> Exercise instructions:
Write out the whole listing again, exactly.

### Records for the task

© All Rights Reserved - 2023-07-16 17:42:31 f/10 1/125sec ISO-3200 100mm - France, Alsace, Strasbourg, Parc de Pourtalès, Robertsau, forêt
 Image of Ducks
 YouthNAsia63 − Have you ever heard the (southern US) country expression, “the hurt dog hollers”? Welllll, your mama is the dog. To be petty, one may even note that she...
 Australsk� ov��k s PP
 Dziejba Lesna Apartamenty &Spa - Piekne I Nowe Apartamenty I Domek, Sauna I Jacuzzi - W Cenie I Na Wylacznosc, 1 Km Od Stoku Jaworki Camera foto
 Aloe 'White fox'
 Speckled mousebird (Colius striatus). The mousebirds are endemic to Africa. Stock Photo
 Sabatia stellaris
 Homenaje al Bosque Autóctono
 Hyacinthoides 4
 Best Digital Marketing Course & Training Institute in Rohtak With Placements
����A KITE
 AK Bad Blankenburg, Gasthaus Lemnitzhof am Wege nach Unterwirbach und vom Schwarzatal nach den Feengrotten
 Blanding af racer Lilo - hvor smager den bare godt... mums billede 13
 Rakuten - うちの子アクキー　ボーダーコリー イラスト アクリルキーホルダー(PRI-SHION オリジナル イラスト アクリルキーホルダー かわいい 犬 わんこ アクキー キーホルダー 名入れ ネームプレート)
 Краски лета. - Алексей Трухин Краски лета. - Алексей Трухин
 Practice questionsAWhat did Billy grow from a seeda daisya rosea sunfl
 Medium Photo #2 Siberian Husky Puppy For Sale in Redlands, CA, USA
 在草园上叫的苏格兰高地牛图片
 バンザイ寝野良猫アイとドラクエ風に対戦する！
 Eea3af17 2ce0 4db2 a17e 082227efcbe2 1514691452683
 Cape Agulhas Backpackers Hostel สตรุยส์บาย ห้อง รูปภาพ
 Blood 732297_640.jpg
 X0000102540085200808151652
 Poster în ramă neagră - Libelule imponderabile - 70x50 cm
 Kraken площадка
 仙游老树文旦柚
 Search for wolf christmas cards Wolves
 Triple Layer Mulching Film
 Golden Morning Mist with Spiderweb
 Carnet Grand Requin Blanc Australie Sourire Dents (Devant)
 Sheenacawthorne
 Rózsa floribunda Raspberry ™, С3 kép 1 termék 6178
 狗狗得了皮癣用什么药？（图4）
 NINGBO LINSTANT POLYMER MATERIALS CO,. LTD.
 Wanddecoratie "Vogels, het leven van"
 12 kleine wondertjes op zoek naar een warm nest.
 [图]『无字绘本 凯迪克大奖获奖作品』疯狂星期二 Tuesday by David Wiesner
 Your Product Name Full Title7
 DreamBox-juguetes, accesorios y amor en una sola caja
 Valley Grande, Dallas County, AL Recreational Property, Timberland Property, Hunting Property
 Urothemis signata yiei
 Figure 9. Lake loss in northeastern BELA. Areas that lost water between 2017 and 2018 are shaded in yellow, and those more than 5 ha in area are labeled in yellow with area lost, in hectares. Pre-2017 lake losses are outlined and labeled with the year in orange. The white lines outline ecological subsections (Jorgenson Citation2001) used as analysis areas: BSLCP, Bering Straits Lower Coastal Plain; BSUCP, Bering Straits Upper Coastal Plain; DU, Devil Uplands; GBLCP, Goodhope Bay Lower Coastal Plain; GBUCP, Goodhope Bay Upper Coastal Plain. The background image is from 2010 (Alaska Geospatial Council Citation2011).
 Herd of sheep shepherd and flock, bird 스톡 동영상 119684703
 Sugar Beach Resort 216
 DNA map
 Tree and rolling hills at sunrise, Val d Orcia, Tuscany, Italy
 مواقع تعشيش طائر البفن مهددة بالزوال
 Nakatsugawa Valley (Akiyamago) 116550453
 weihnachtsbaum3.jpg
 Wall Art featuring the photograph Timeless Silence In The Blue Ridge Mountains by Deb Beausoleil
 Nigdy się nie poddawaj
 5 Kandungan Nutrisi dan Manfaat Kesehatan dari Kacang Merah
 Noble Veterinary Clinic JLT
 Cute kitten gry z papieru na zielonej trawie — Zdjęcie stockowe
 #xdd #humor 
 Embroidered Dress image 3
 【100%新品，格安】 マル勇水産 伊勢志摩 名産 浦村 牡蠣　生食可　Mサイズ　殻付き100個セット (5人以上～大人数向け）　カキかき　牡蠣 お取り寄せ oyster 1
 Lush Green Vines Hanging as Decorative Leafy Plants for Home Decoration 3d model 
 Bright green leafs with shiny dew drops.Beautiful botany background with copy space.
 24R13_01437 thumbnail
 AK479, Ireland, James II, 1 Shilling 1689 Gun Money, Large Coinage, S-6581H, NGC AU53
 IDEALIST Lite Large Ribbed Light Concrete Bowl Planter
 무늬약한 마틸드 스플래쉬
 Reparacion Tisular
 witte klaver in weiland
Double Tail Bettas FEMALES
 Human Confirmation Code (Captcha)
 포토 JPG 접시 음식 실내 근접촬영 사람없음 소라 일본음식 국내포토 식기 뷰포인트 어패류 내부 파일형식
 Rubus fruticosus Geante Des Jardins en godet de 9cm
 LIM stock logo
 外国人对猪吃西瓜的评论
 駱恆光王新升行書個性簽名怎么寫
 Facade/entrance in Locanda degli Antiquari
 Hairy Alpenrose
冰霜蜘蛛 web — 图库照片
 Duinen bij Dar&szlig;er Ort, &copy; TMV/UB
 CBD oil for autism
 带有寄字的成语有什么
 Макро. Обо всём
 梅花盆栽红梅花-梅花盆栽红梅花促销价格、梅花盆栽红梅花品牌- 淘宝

######

> Answer box:
© All Rights Reserved - 2023-07-16 17:42:31 f/10 1/125sec ISO-3200 100mm - France, Alsace, Strasbourg, Parc de Pourtalès, Robertsau, forêt
 Image of Ducks
 YouthNAsia63 − Have you ever heard the (southern US) country expression, “the hurt dog hollers”? Welllll, your mama is the dog. To be petty, one may even note that she...
 Australsk� ov��k s PP
 Dziejba Lesna Apartamenty &Spa - Piekne I Nowe Apartamenty I Domek, Sauna I Jacuzzi - W Cenie I Na Wylacznosc, 1 Km Od Stoku Jaworki Camera foto
 Aloe 'White fox'
 Speckled mousebird (Colius striatus). The mousebirds are endemic to Africa. Stock Photo
 Sabatia stellaris
 Homenaje al Bosque Autóctono
 Hyacinthoides 4
 Best Digital Marketing Course & Training Institute in Rohtak With Placements
����A KITE
 AK Bad Blankenburg, Gasthaus Lemnitzhof am Wege nach Unterwirbach und vom Schwarzatal nach den Feengrotten
 Blanding af racer Lilo - hvor smager den bare godt... mums billede 13
 Rakuten - うちの子アクキー　ボーダーコリー イラスト アクリルキーホルダー(PRI-SHION オリジナル イラスト アクリルキーホルダー かわいい 犬 わんこ アクキー キーホルダー 名入れ ネームプレート)
 Краски лета. - Алексей Трухин Краски лета. - Алексей Трухин
 Practice questionsAWhat did Billy grow from a seeda daisya rosea sunfl
 Medium Photo #2 Siberian Husky Puppy For Sale in Redlands, CA, USA
 在草园上叫的苏格兰高地牛图片
 バンザイ寝野良猫アイとドラクエ風に対戦する！
 Eea3af17 2ce0 4db2 a17e 082227efcbe2 1514691452683
 Cape Agulhas Backpackers Hostel สตรุยส์บาย ห้อง รูปภาพ
 Blood 732297_640.jpg
 X0000102540085200808151652
 Poster în ramă neagră - Libelule imponderabile - 70x50 cm
 Kraken площадка
 仙游老树文旦柚
 Search for wolf christmas cards Wolves
 Triple Layer Mulching Film
 Golden Morning Mist with Spiderweb
 Carnet Grand Requin Blanc Australie Sourire Dents (Devant)
 Sheenacawthorne
 Rózsa floribunda Raspberry ™, С3 kép 1 termék 6178
 狗狗得了皮癣用什么药？（图4）
 NINGBO LINSTANT POLYMER MATERIALS CO,. LTD.
 Wanddecoratie "Vogels, het leven van"
 12 kleine wondertjes op zoek naar een warm nest.
 [图]『无字绘本 凯迪克大奖获奖作品』疯狂星期二 Tuesday by David Wiesner
 Your Product Name Full Title7
 DreamBox-juguetes, accesorios y amor en una sola caja
 Valley Grande, Dallas County, AL Recreational Property, Timberland Property, Hunting Property
 Urothemis signata yiei
 Figure 9. Lake loss in northeastern BELA. Areas that lost water between 2017 and 2018 are shaded in yellow, and those more than 5 ha in area are labeled in yellow with area lost, in hectares. Pre-2017 lake losses are outlined and labeled with the year in orange. The white lines outline ecological subsections (Jorgenson Citation2001) used as analysis areas: BSLCP, Bering Straits Lower Coastal Plain; BSUCP, Bering Straits Upper Coastal Plain; DU, Devil Uplands; GBLCP, Goodhope Bay Lower Coastal Plain; GBUCP, Goodhope Bay Upper Coastal Plain. The background image is from 2010 (Alaska Geospatial Council Citation2011).
 Herd of sheep shepherd and flock, bird 스톡 동영상 119684703
 Sugar Beach Resort 216
 DNA map
 Tree and rolling hills at sunrise, Val d Orcia, Tuscany, Italy
 مواقع تعشيش طائر البفن مهددة بالزوال
 Nakatsugawa Valley (Akiyamago) 116550453
 weihnachtsbaum3.jpg
 Wall Art featuring the photograph Timeless Silence In The Blue Ridge Mountains by Deb Beausoleil
 Nigdy się nie poddawaj
 5 Kandungan Nutrisi dan Manfaat Kesehatan dari Kacang Merah
 Noble Veterinary Clinic JLT
 Cute kitten gry z papieru na zielonej trawie — Zdjęcie stockowe
 #xdd #humor 
 Embroidered Dress image 3
 【100%新品，格安】 マル勇水産 伊勢志摩 名産 浦村 牡蠣　生食可　Mサイズ　殻付き100個セット (5人以上～大人数向け）　カキかき　牡蠣 お取り寄せ oyster 1
 Lush Green Vines Hanging as Decorative Leafy Plants for Home Decoration 3d model 
 Bright green leafs with shiny dew drops.Beautiful botany background with copy space.
 24R13_01437 thumbnail
 AK479, Ireland, James II, 1 Shilling 1689 Gun Money, Large Coinage, S-6581H, NGC AU53
 IDEALIST Lite Large Ribbed Light Concrete Bowl Planter
 무늬약한 마틸드 스플래쉬
 Reparacion Tisular
 witte klaver in weiland
Double Tail Bettas FEMALES
 Human Confirmation Code (Captcha)
 포토 JPG 접시 음식 실내 근접촬영 사람없음 소라 일본음식 국내포토 식기 뷰포인트 어패류 내부 파일형식
 Rubus fruticosus Geante Des Jardins en godet de 9cm
 LIM stock logo
 外国人对猪吃西瓜的评论
 駱恆光王新升行書個性簽名怎么寫
 Facade/entrance in Locanda degli Antiquari
 Hairy Alpenrose
冰霜蜘蛛 web — 图库照片
 Duinen bij Dar&szlig;er Ort, &copy; TMV/UB
 CBD oil for autism
 带有寄字的成语有什么
 Макро. Обо всём
 梅花盆栽红梅花-梅花盆栽红梅花促销价格、梅花盆栽红梅花品牌- 淘宝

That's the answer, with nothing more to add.